Top of Source material

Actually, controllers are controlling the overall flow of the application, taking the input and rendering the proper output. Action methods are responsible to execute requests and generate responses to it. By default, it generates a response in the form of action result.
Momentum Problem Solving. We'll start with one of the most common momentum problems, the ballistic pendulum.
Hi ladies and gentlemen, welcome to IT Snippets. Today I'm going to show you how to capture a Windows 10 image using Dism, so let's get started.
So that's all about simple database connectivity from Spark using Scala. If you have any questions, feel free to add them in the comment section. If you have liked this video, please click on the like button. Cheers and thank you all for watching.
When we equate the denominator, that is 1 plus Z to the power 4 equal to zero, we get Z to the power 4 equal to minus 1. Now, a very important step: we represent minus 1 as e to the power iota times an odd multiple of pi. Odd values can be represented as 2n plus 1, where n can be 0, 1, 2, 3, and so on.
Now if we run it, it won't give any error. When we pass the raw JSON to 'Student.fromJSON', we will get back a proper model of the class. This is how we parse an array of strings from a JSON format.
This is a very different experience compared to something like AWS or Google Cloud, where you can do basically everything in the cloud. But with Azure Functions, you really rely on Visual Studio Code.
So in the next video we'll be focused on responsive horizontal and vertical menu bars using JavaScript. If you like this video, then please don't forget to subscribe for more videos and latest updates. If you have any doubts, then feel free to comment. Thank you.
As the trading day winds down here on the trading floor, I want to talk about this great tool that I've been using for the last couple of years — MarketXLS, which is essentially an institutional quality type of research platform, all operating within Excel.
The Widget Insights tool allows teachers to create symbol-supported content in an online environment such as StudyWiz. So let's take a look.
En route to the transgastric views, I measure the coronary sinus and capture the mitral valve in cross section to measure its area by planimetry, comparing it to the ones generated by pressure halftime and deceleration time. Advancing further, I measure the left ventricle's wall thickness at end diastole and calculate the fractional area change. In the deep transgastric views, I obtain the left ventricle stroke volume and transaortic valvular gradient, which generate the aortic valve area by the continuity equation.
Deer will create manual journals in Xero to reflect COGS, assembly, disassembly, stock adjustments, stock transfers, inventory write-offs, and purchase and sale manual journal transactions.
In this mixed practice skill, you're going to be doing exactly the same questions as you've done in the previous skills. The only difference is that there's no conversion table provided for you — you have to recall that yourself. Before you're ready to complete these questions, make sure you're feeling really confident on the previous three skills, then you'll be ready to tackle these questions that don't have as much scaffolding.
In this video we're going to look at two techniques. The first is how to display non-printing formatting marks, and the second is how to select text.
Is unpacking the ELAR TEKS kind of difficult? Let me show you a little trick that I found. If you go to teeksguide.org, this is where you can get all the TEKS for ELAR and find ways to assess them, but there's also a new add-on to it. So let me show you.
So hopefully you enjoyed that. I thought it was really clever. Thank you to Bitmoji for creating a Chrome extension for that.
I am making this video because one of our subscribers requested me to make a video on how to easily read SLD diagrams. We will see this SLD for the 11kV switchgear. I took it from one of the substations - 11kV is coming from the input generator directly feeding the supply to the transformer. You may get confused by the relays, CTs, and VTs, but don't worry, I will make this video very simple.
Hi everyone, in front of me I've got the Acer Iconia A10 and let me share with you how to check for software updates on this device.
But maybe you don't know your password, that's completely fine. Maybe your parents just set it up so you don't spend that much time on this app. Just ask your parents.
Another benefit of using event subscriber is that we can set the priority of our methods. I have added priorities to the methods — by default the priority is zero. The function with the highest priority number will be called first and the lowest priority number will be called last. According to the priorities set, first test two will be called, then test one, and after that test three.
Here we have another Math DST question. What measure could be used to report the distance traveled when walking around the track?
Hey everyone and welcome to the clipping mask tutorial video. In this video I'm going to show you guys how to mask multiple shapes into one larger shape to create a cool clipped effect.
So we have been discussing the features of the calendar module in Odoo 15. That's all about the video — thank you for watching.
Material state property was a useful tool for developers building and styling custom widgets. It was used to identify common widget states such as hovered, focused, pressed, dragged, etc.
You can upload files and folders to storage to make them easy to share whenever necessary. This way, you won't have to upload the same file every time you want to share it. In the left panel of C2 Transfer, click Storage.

Bottom of Source material

> _Task to carry out_
If a line in the records above has the word "common", copy it out.

> _Answer box_
Momentum Problem Solving. We'll start with one of the most common momentum problems, the ballistic pendulum.
Material state property was a useful tool for developers building and styling custom widgets. It was used to identify common widget states such as hovered, focused, pressed, dragged, etc.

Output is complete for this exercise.